I am assuming both src_ids and tgt_ids are encoded with a BART tokenizer, and therefore have the format of [bos, token1, token2, …, eos].
Looking at transformers/examples/seq2seq/finetune.py#L151
decoder_input_ids = shift_tokens_right(tgt_ids) means that eos will be the first token and bos will be the second token.
This has an effect on generation:

  1. We need decoder_start_token_id=eos_token_id.
  2. The first actually generated token (i.e. after decoder_start_token_id) will be bos.

Questions:

  1. The default value for decoder_start_token_id is missing from facebook/bart-base and facebook/bart-large-mnli, which means it falls back to bos. The other BART models have eos as their decoder_start_token_id. Why is the difference? Looks to me that using finetune.py with bart-base/bart-large-mnli will not have generation as intended.

  2. In fairseq’s implementation the equivalent for decoder_start_token_id is set to bos: fairseq/models/bart/hub_interface.py#L123. Can you please explain why did you decide to use the format of [eos, bos, token1, token2, ...] for decoder_input_ids instead of [bos, token1, token2, ...]?

  3. Is there still need for force_bos_token_to_be_generated?
    It was introduced in transformers/pull/6526 (new user, can’t add another link), when the first token of decoder_input_ids was bos and the second was the first regular token of the target sequence (transformers/examples/seq2seq/finetune.py#L144). Using it now shouldn’t have any effect, if I understand correctly (because a trained model will easily learn to always output bos in this position anyway).

Thanks!

2 Likes
  • This is a great question and super confusing.
  • You can get a good snapshot of my understanding here. I don’t think that will clear everything up, but if you could read that and let me know what you still don’t understand it would be helpful.
  • If I encounter empirical evidence that I should change decoder_start_token_id for any model I will do so.

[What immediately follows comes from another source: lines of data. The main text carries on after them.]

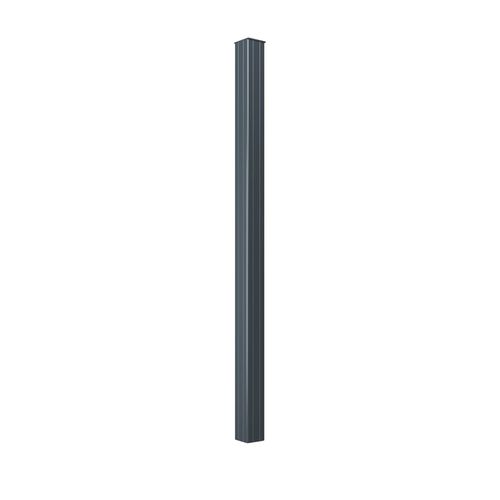 Poteau Aluminium Avec Chapeau Gris, H.260 Cm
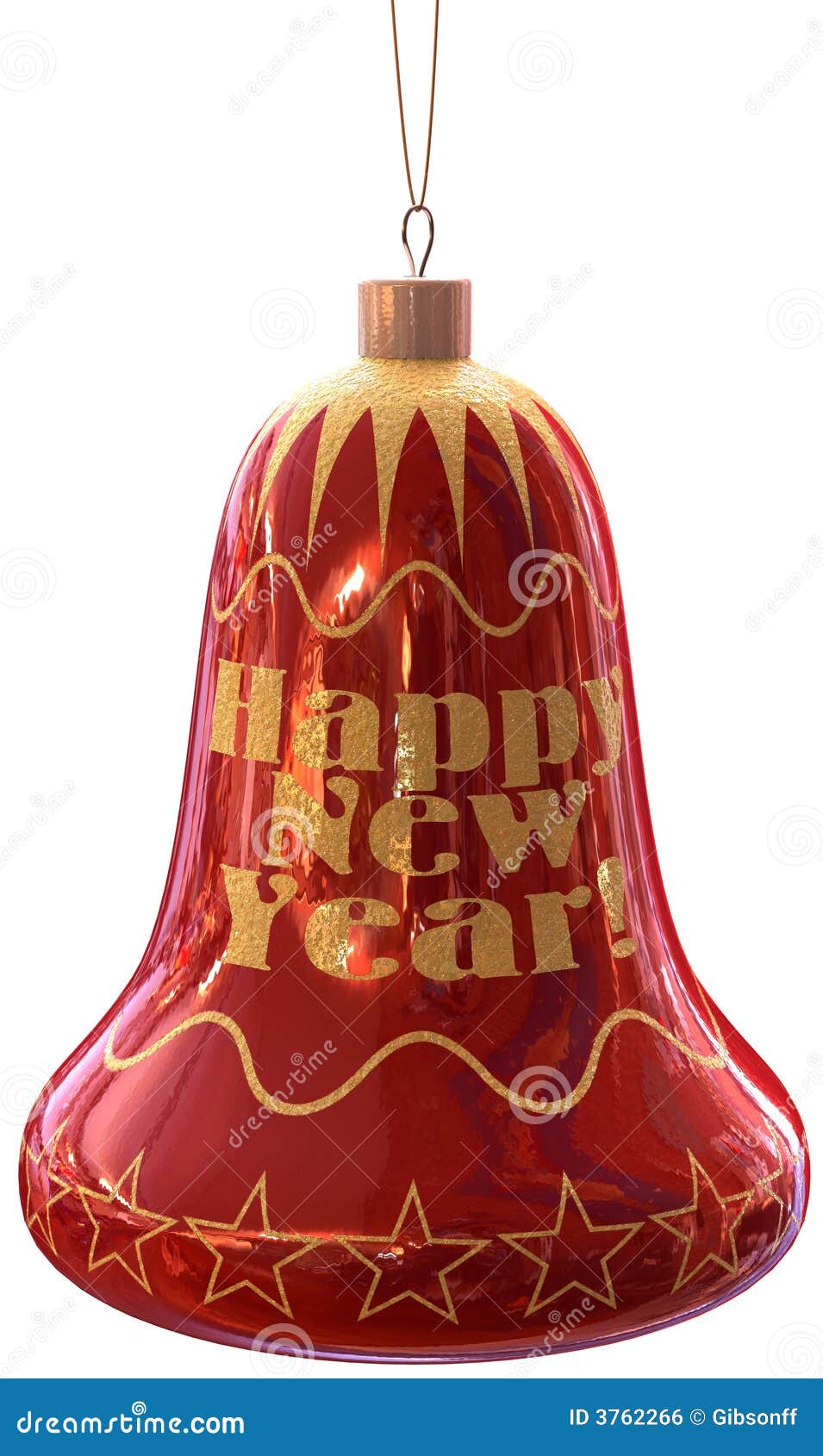 Christmas handbell stock illustration. Illustration of sphere 3762266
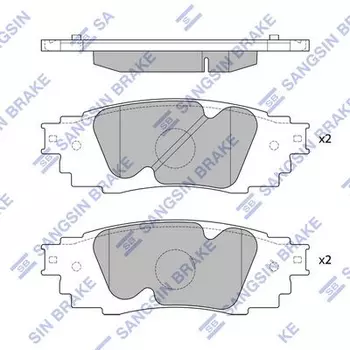 SP4091 колодки дисковые задние! \ Lexus RX 450 15>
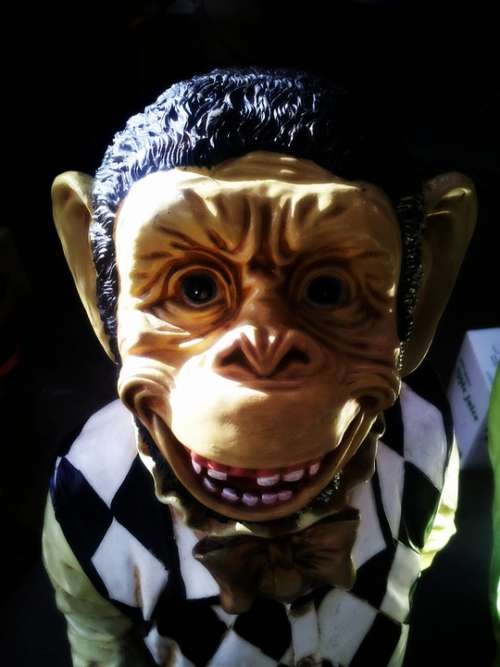 Monkey Mask Creepy Ape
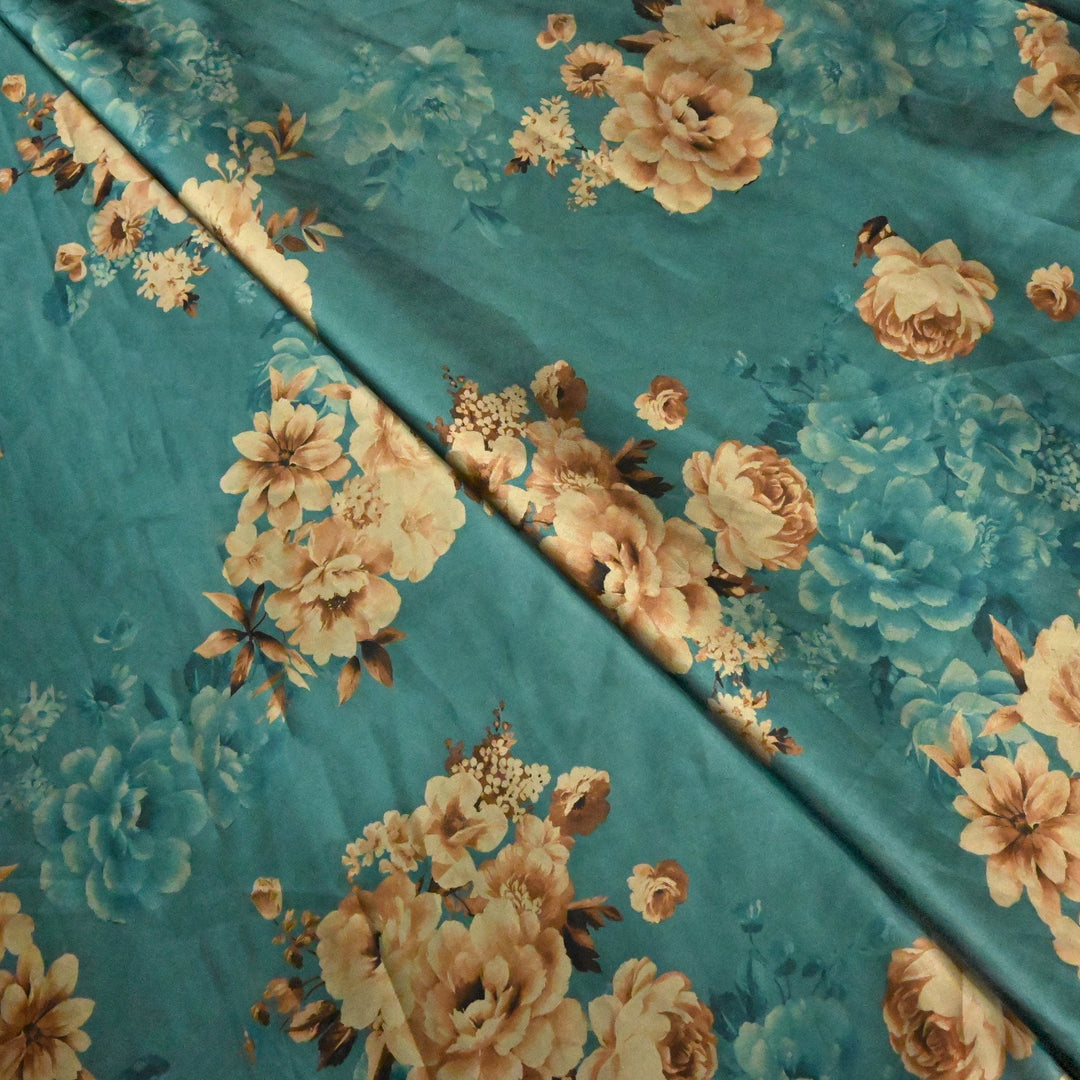 Imported Armani Satin Digital Print Fabrics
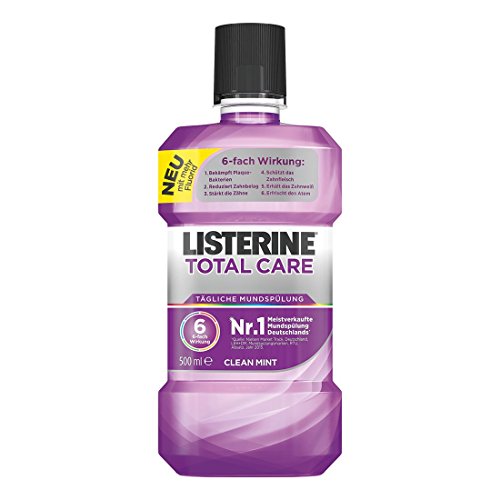 LISTERINE Total Care | Antibakterielle Mundspülung mit 6-fach Wirkung | Für umfassendere Mundhygiene | 3er Pack (3 x 500 ml) – Bild 3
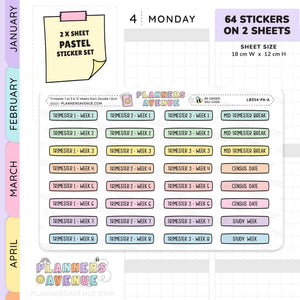 Trimester 1 to 3 with 12 Weeks Planner Stickers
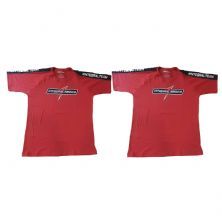 Kit 2X Camiseta Algod�o Integral Team - Tamanho G Vermelha/Preta - IntegralM�dica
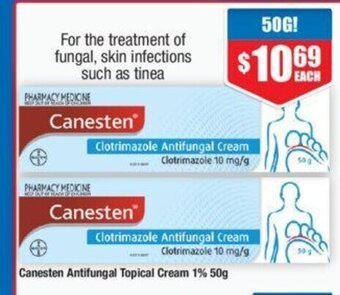 Chemist Warehouse Canesten Antifungal Topical Cream 1% 50g offer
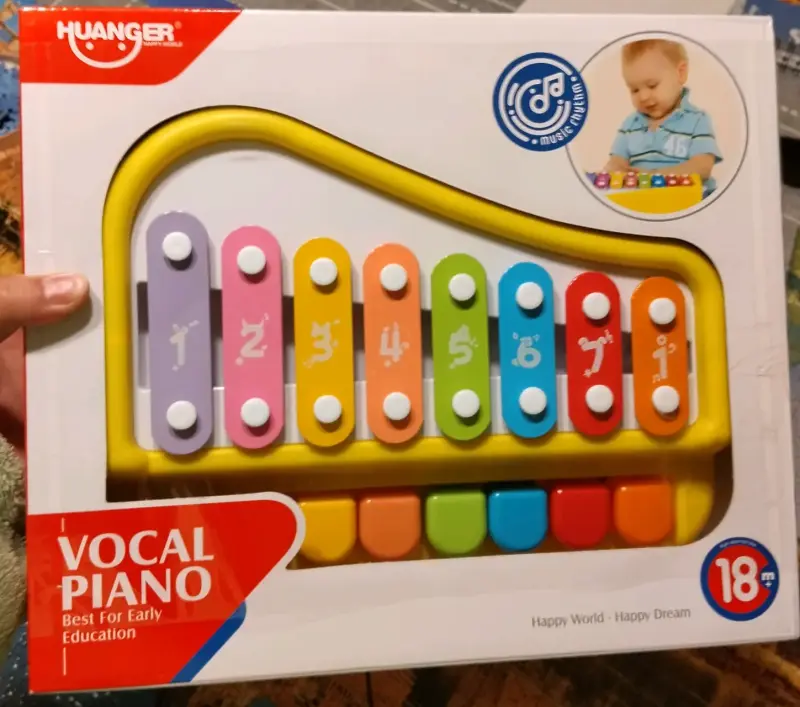 Xilófono infantil Huanger de colores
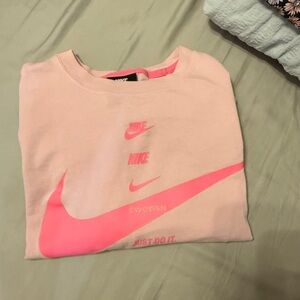 Nike Kids Light Pink Swoosh Sweatshirt
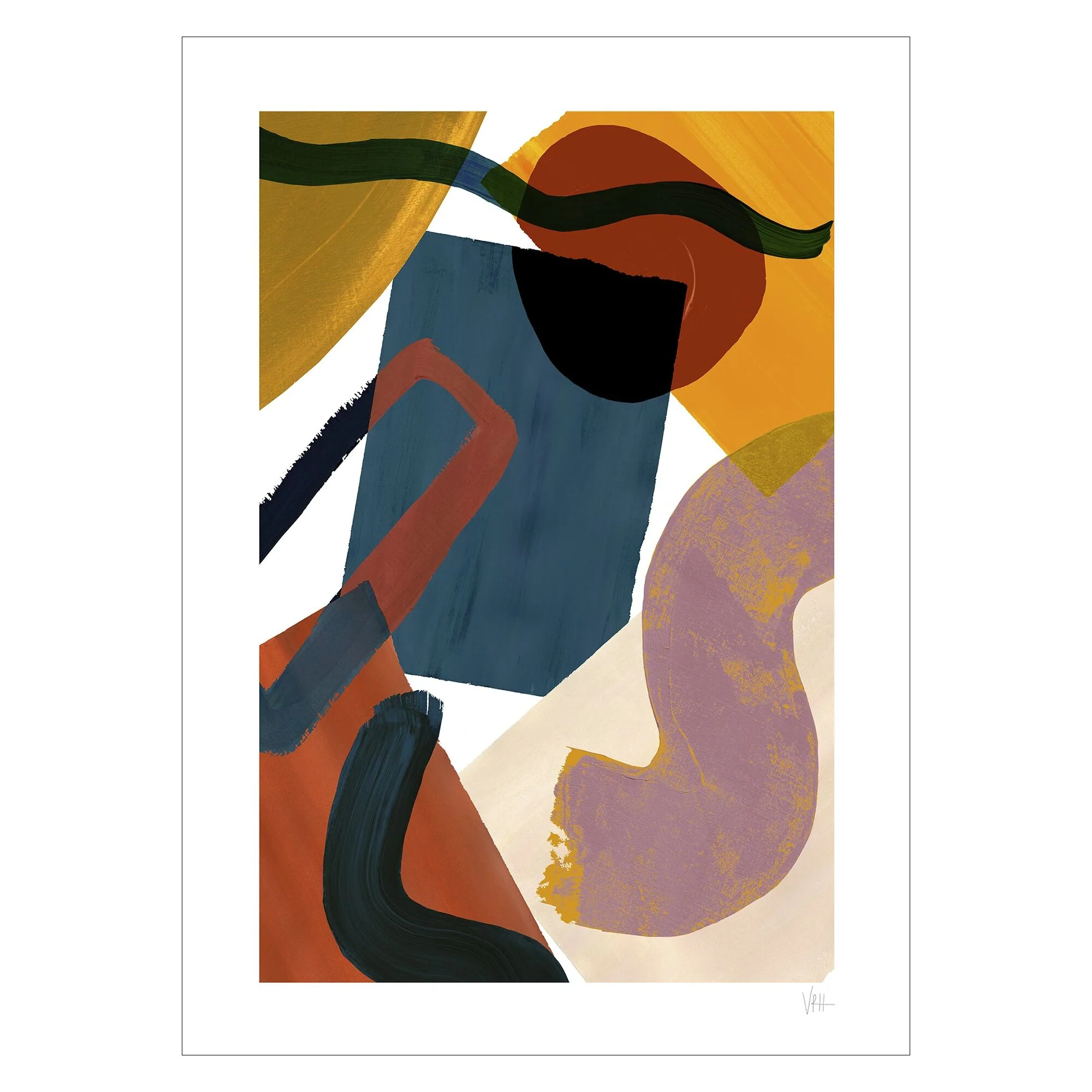 Violets Print House - Retro Geo 3 - Image 2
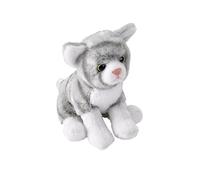 WILD REPUBLIC Pocketkins Chat Tigré Gris Peluche - 12 cm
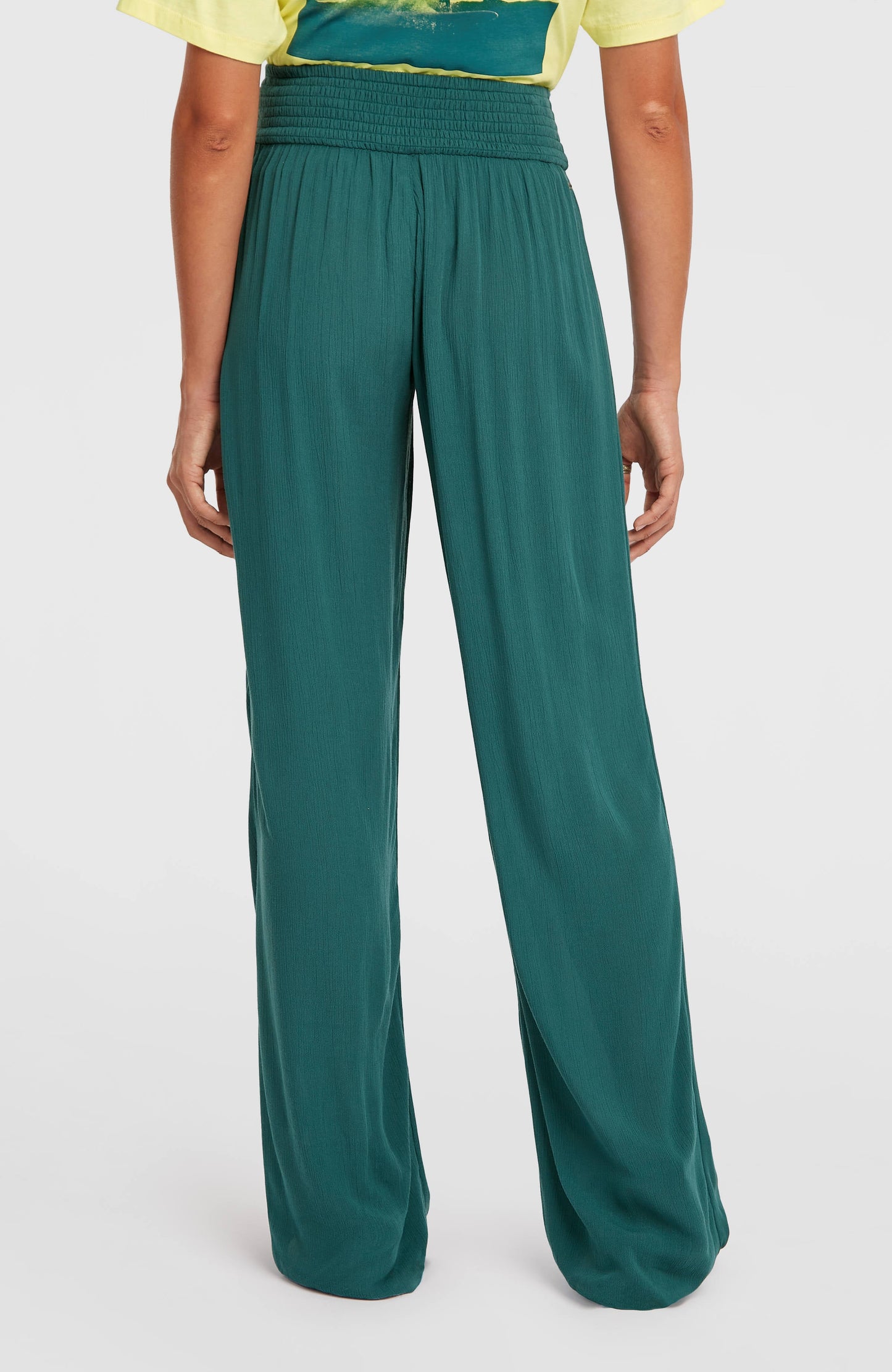 Johnny Smocked Waist Pants Women Botanical Heat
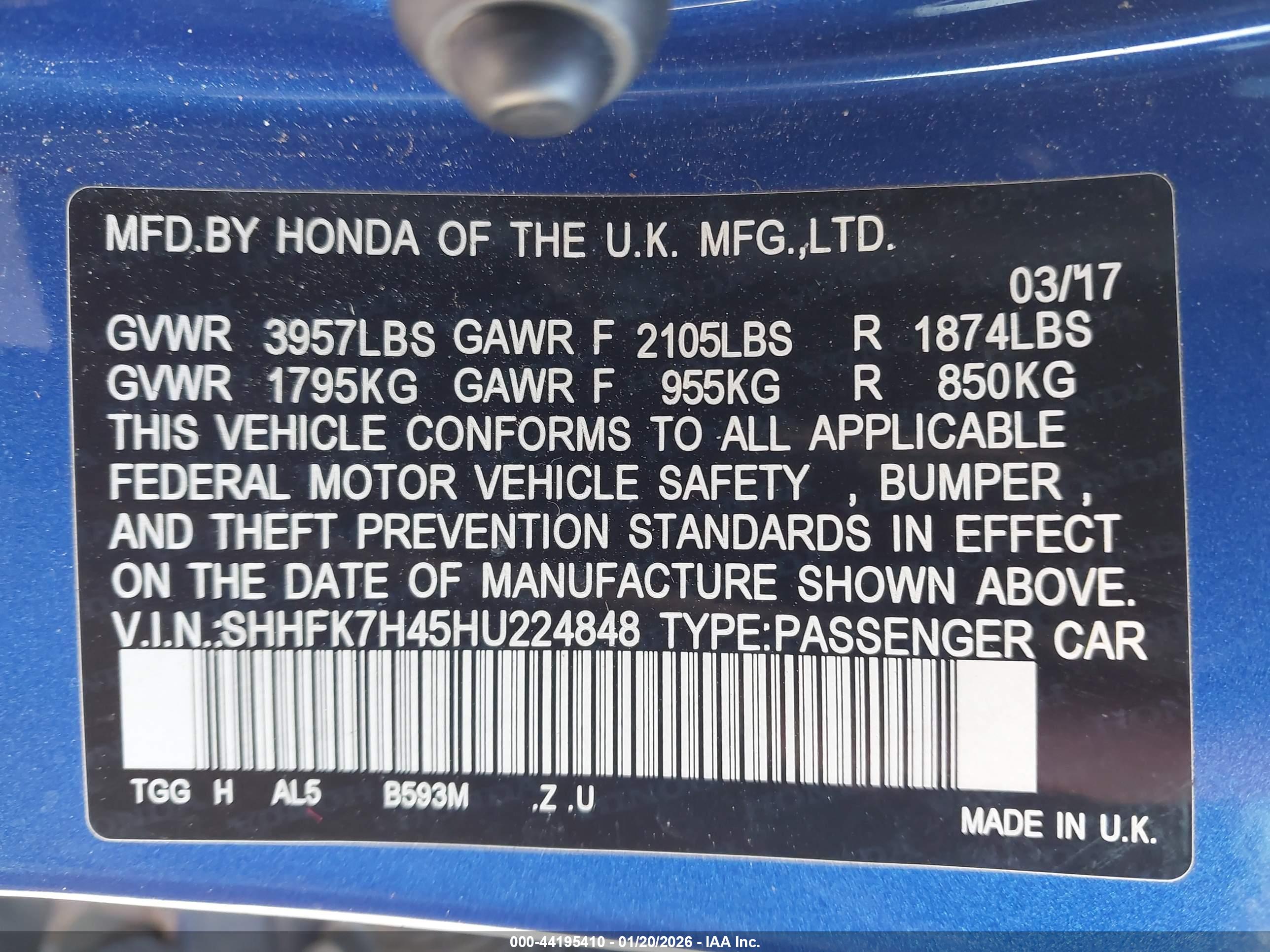 HONDA CIVIC image 9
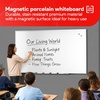 image:imageTRU RED Steel Magnetic Whiteboard Satin Frame 2x2 FeetGray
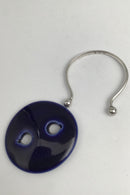Royal Copenhagen / A Michelsen Porcelæn / Sterling Sølv Armring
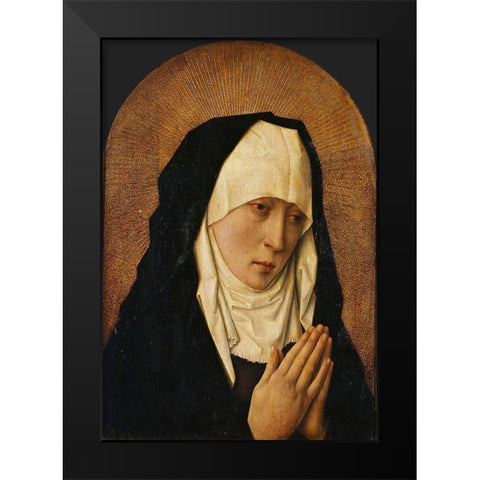 Mater Dolorosa Black Modern Wood Framed Art Print by Bouts, Dirk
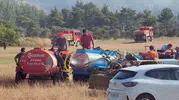 Muğla Yenice’de orman yangınına vatandaşlar traktörleriyle müdahale etti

I hope you folks don’t mind me reviving this old topic, but it seems relevant to my issues with BOS and EOS.

I am running different training experiments with different input formats for a facebook/bart-base model augmented by unlimiformer (retrieval augmented to store larger documents).

The standard format is a Long Document (LD): a single string.
The second format is a Knowledge Graph of the LD: a single string, but with each relation in the graph entered as a sequence "<s> rel1 </s><s> rel2 </s> ... <s> reln </s>"
The target is a summary: a single string.

The odd thing is that, in my initial conda environment, due to constraints suggested by the unlimiformer authors, I ended up with transformers 4.34.1. Somehow this got corrupted and I built a new environment and since the constraints seemed unsatisfiable, I removed all and ended up with transformers 4.35.2.

The difference was stark.
With 4.34.1, LDs result in summaries of length 70-130. In contrast KGs result in summaries of length 600-1000: with lots of lists. Moreover, although the KG inputs are about one-fifth the length, the summaries took much longer to generate.
With 4.35.2, both summaries were very similar in length and training is twice as fast (12 hours to get to 21k steps).

Also, not sure what role the max_length=128 and generation_max_length=1024 parameter play here as results seem to violate the max_length constraint.

If you feel this is unrelated, I’m happy to open a new post.

I found that the add_special_tokens=False setting seems to be driving the above behaviour. And this is dependent on conda environment (for a fixed Transformer version 1.34.1).

Hey, has anyone got any answers to the above? Thanks!